Desculpas técnicas como as de que não estavam previstos tantos utilizadores não servem. Até porque o número é e será crescente pelas boas e pelas más razões. Boas porque há mais artistas, jovens; más porque se prefere esbanjar na quantidade o pouquíssimo dinheiro que há, na vez de concentrar meios com meios mais alargados para aumentar os apoios na proporção do orçamento que se exige, em vez de encolher os financiamentos para apresentar números, como se a Cultura fosse uma questão de ‘numerificações’. O que se passa, com isto e com o aumento de uma política de eventos, não é democratizar a Cultura: nem para os cidadãos, nem para os artistas; e pelos vistos nem para as plataformas digitais.
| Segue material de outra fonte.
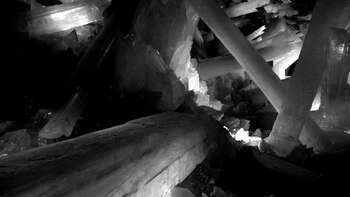 Cueva de Naica Chihuahua, México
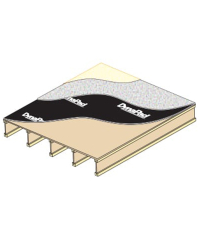 Dynamat 50110 Dynapad Sound Barrier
Para estas é crashs ou bugs, para os artistas é massificar números em dispersão, para os portugueses é impedir, de facto, a criação do hábito e o acesso a objectos decentes que se não fazem com dois tostões. Basta de objectos de contrafacção do que se faz Europa fora. Basta de cosmética, ainda para mais da comprada na ‘loja do chinês’ (passe a expressão politicamente incorrecta). Basta de ‘palhaçadas’. Os palhaços têm direito a serem artistas e não refugo das prioridades políticas: os palhaços mesmo ou os actores ou os músicos…
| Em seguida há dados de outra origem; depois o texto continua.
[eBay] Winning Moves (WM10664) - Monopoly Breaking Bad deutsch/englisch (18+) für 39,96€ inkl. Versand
Porém, mais do que esta tragicomédia, dois problemas de fundo devem ser destacados nesta linha de raciocínio: porque vivemos num Estado (não é mal de agora, é antigo) de tanta incompetência e de tanta complicação nas coisas mais simples? Porque diachos, no fundo disso tudo está tratada ainda pior a Cultura? Certamente a falta desta explica muito do problema anterior. Não temos rumo, nem programa estratégico, nem sequer um orçamento decente para ela. Só a covid e as medidas de excepcionalidade disfarçaram, com carácter abissal de emergência, o que tem de ser encarado de forma estrutural. Em actos e não em palavras decorativas.

Mesmo com a coisa remendada à pressa com medidas avulsas para minorar os danos, o que é de essencial fica. O mais triste, por isso, é que as prioridades na Cultura sejam sempre e só as de excepcionalidades em hecatombes. Para tanto não há resiliência que resista. Importa pensamento, coragem para não se esconderem decisões por detrás de júris ad-hoc (a quem também se afogam em ‘papel’ digital e se pede que analisem redacções na vez de apetrechar quem responsavelmente conheça mais o que se faz do que o que se diz) e muito, mesmo muito, muitíssimo mais dinheiro. Não para mais motoristas no gabinete da Ajuda, com cada um a ganhar muito mais, mesmo muito mais, do que, por exemplo, ganha em média um actor; mas para que a nossa vida artística não seja um sobressalto, um sem-fim de falta de condições, incluindo a dignidade do e no emprego artístico e a exigência da qualidade e de Serviço Público sobreposta à tentação da quantidade de apoiados.

Depois da gafe no Parlamento com a ideia de que há condições para acabar com a precaridade na Cultura, mas não é desejável, com esta outra gafe de consequências concretas e à vista, Pedro Adão e Silva começou mal, mesmo muito mal. Mas não se pede a cabeça do Ministro, pede-se ao Ministro que tenha cabeça. É certo que por menos, por umas palavras tidas por inoportunas, numa citação queiroziana, João Soares demitiu-se, enquanto ministros há que se agarram ao barco a meter água por todo o lado. Neste e nos governos antecedentes. Não é (ainda) o caso de Pedro Adão e Silva, mas em breve o será se, a par de dar substância ao incontornável pedido de desculpas sem subterfúgios, não consiga ter os meios necessários: do efectivo do orçamento aos recursos humanos e materiais das próprias Direcções-Gerais. Ou então, há que sair deste ecrã me(r)diático de uma apolítica cultural de baixa extracção. Sem mais comentários!

P.S.: Certamente esta minha prédica, aos ouvidos do poder, é inútil. Mas pode ser um pequenino contributo que ajude na Cultura a tomarmos a iniciativa, fora de crises, numa posição de dique que estanque este rio de desgraça, mais do que numa reacção de barricada, que se desmobiliza com o tempo.